Work to be completed –
Go to the line below that has "A modern living", print it and each line after it exactly, and stop after the line that has "Stylish pyramid-shaped plate"; leave out pictures.

Given data –
- - -
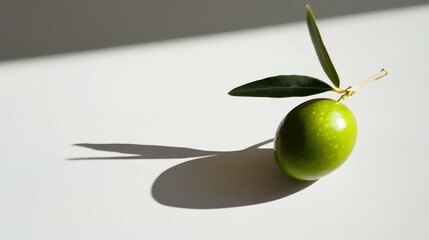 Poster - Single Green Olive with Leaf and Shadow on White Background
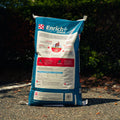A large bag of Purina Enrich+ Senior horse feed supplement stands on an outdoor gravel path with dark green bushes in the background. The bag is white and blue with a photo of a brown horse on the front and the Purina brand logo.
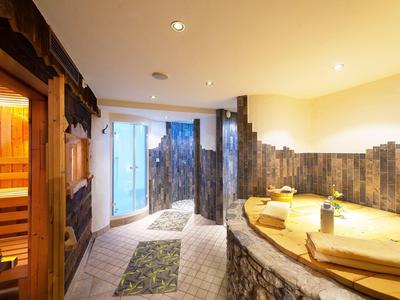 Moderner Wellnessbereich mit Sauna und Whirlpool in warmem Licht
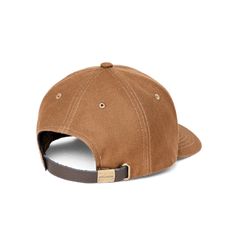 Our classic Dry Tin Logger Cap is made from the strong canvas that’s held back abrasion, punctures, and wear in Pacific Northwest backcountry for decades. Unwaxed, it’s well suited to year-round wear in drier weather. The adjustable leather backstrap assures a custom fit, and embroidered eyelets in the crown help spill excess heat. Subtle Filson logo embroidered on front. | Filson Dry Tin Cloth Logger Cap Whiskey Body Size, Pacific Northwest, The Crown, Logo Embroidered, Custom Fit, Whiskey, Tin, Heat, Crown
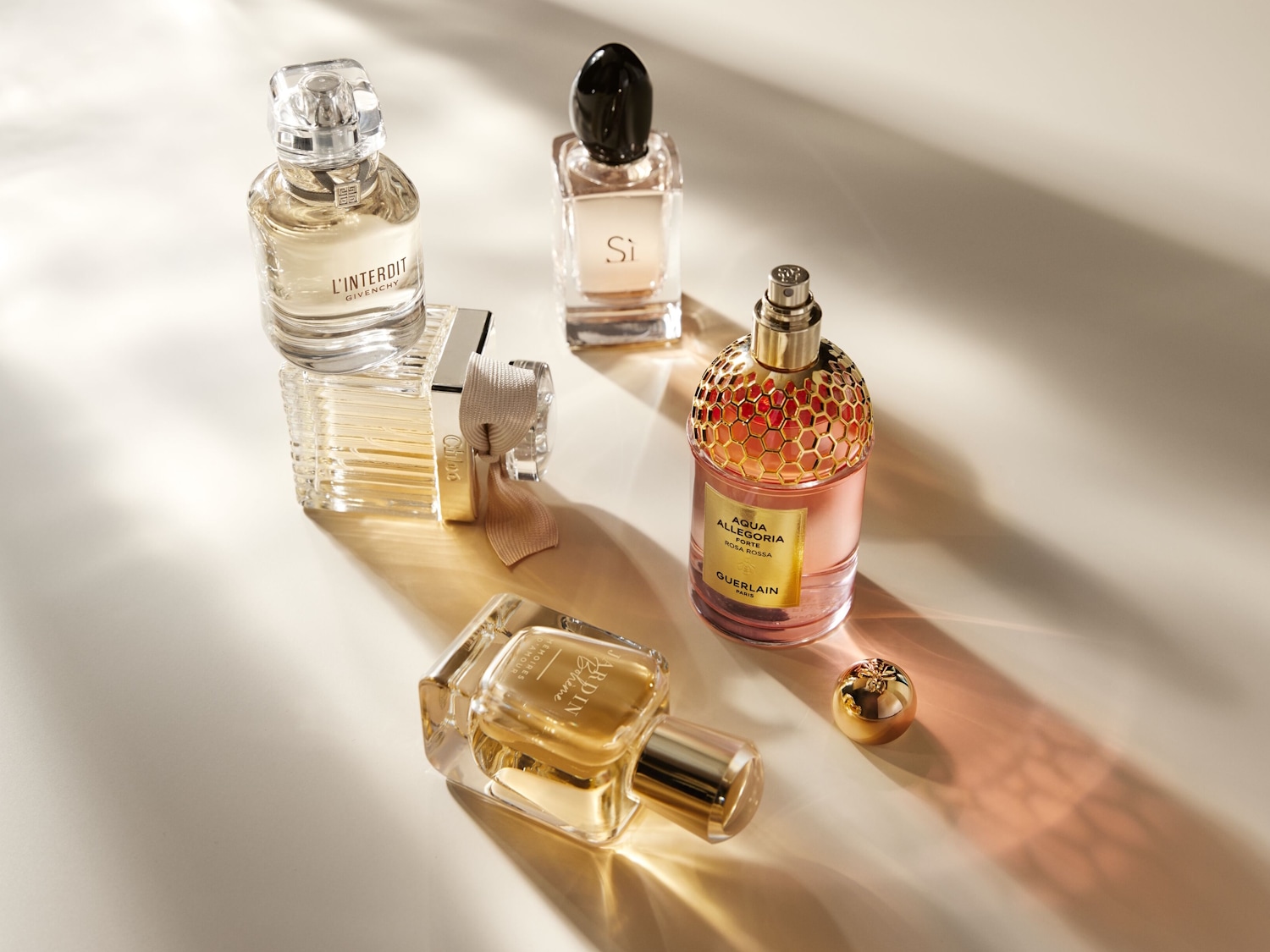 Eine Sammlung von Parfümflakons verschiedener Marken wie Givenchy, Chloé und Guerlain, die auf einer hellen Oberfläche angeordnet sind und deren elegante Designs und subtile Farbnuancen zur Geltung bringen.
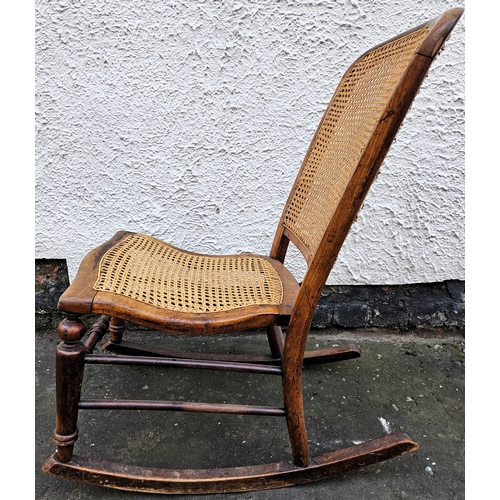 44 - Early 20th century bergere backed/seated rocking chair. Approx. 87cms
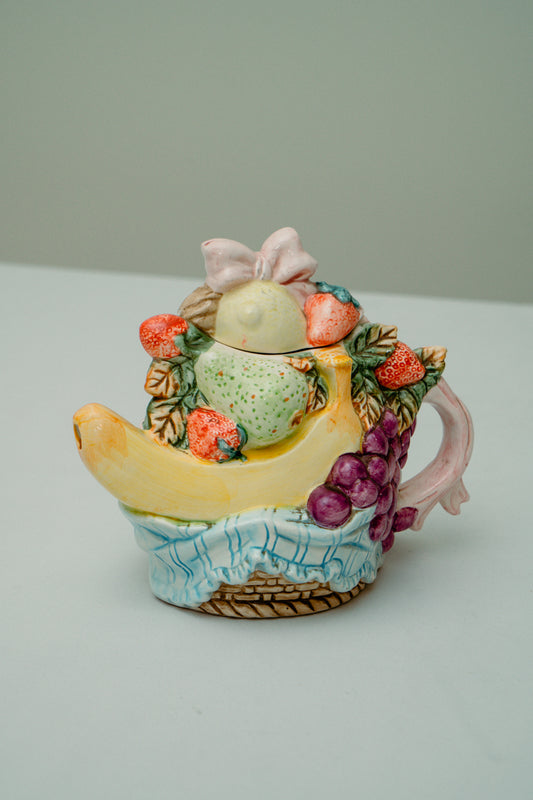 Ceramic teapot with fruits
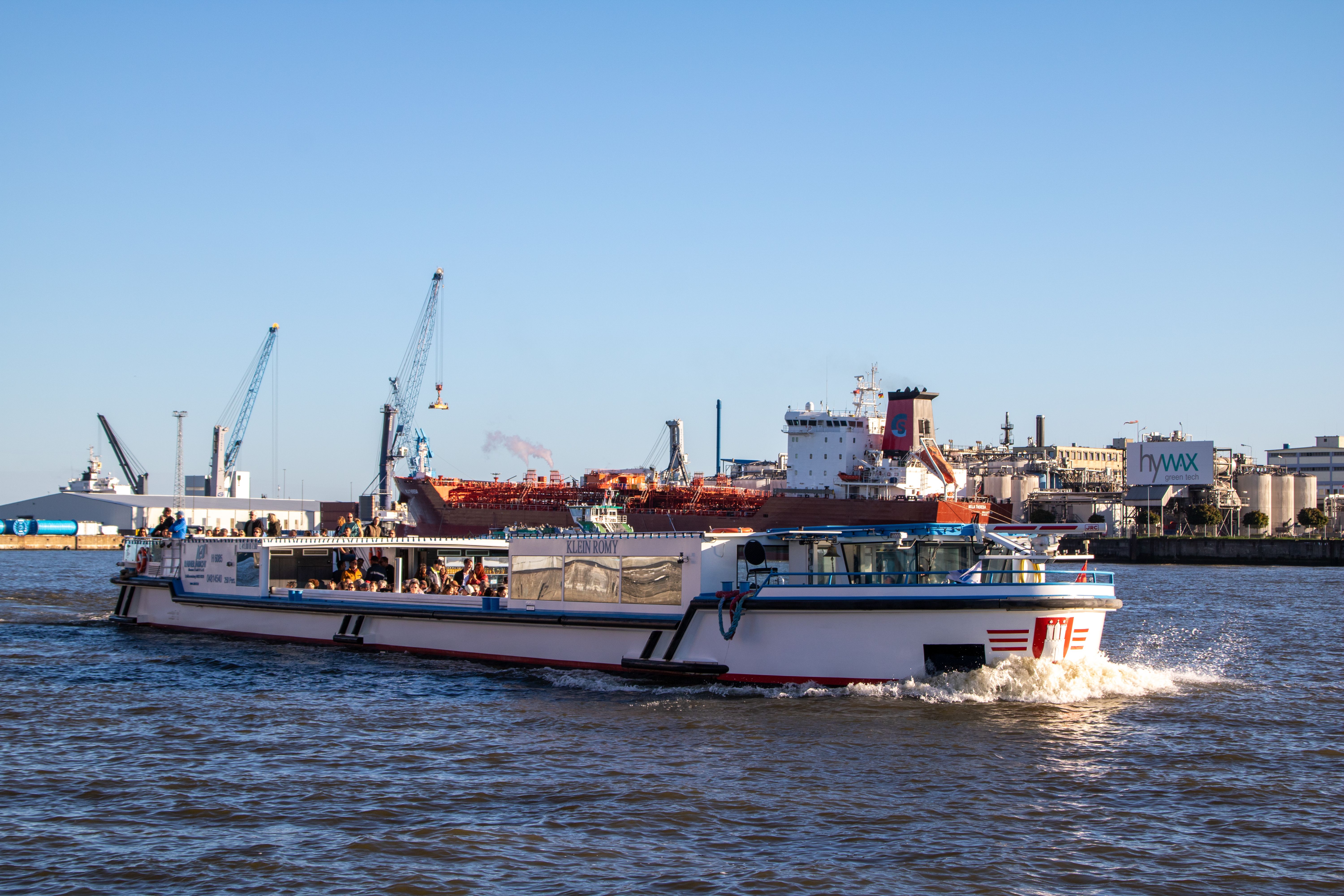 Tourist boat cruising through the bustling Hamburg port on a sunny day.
- - -
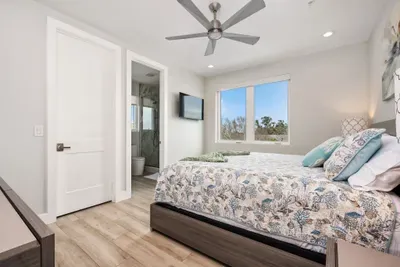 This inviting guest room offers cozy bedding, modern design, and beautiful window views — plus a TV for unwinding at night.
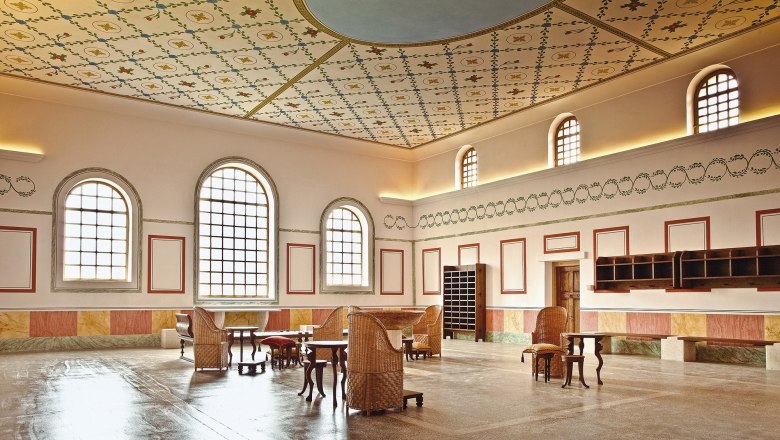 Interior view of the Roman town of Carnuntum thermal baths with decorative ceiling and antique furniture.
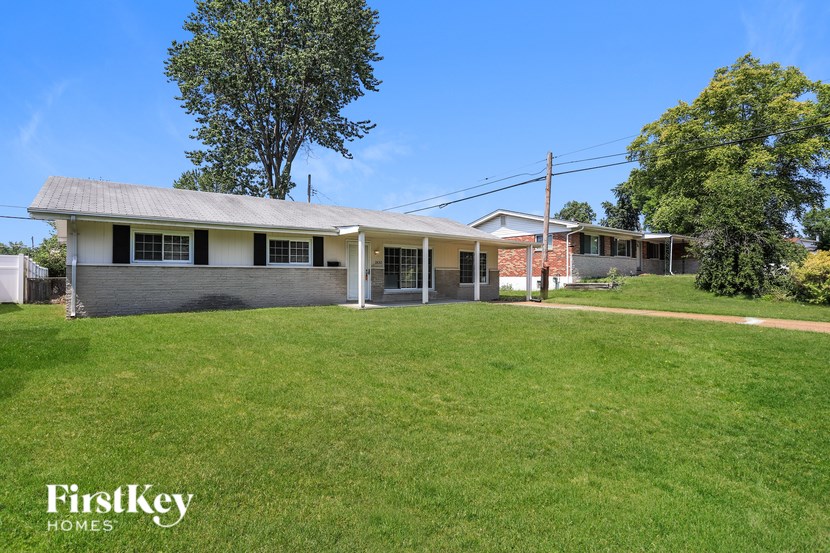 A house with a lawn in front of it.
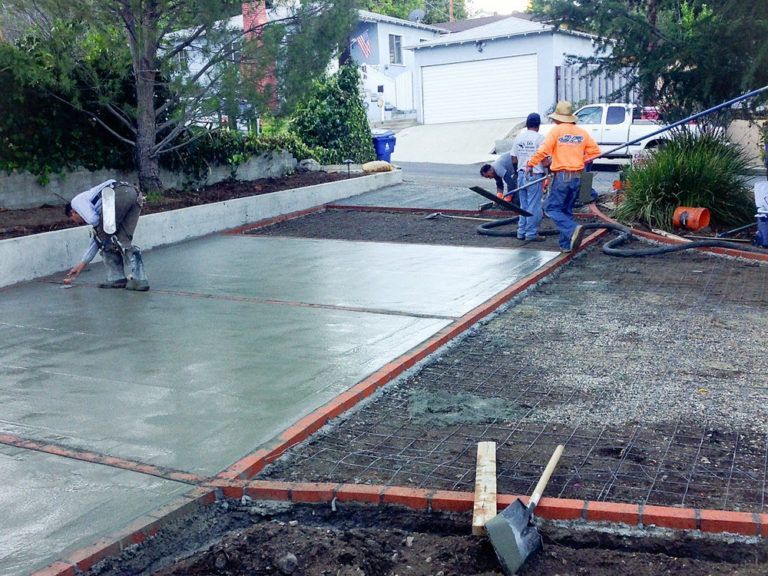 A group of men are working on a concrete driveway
- - -
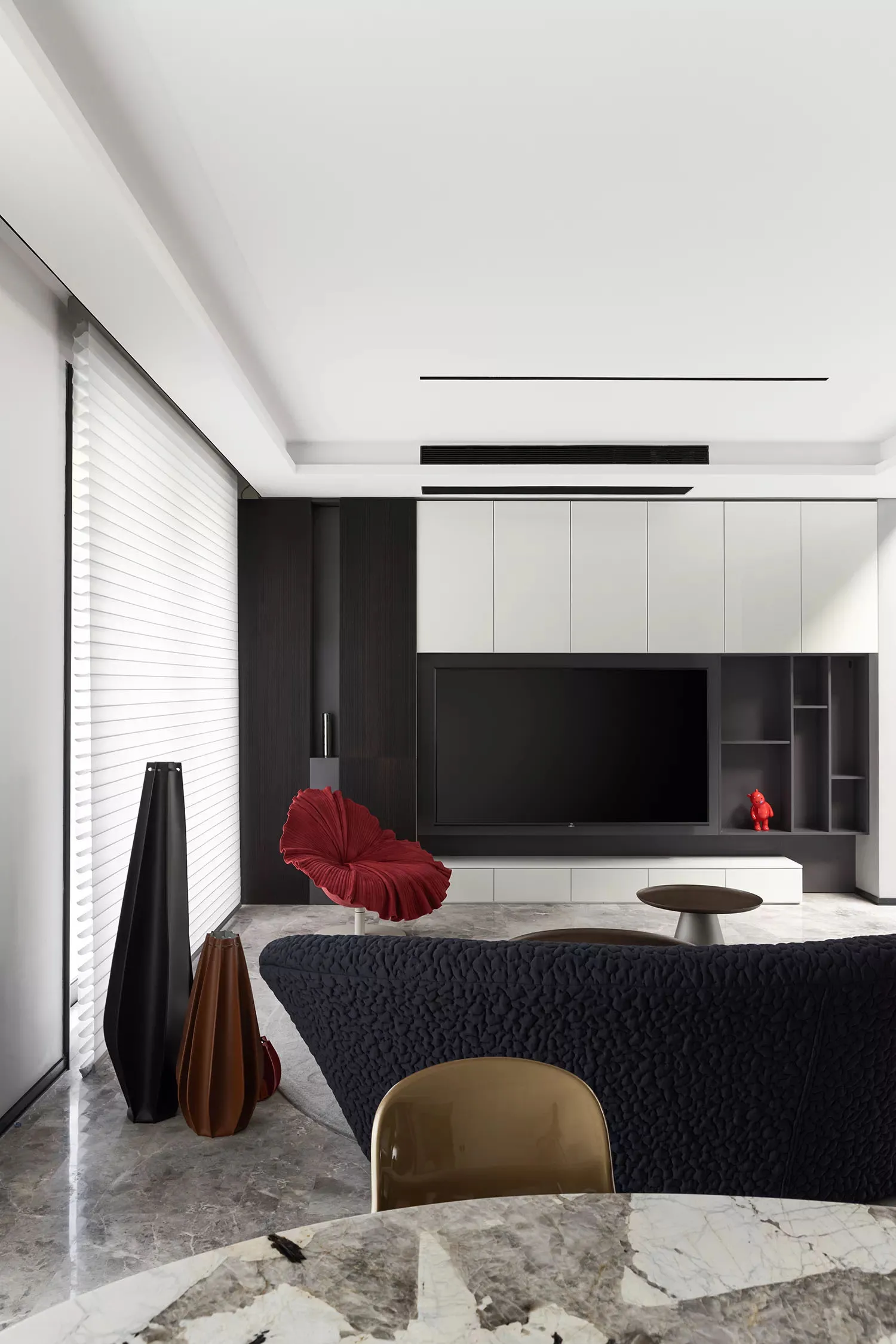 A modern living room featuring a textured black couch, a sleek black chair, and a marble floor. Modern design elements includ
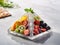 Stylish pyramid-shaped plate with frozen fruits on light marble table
- - -
Task solution –
 A modern living room featuring a textured black couch, a sleek black chair, and a marble floor. Modern design elements includ
 Stylish pyramid-shaped plate with frozen fruits on light marble table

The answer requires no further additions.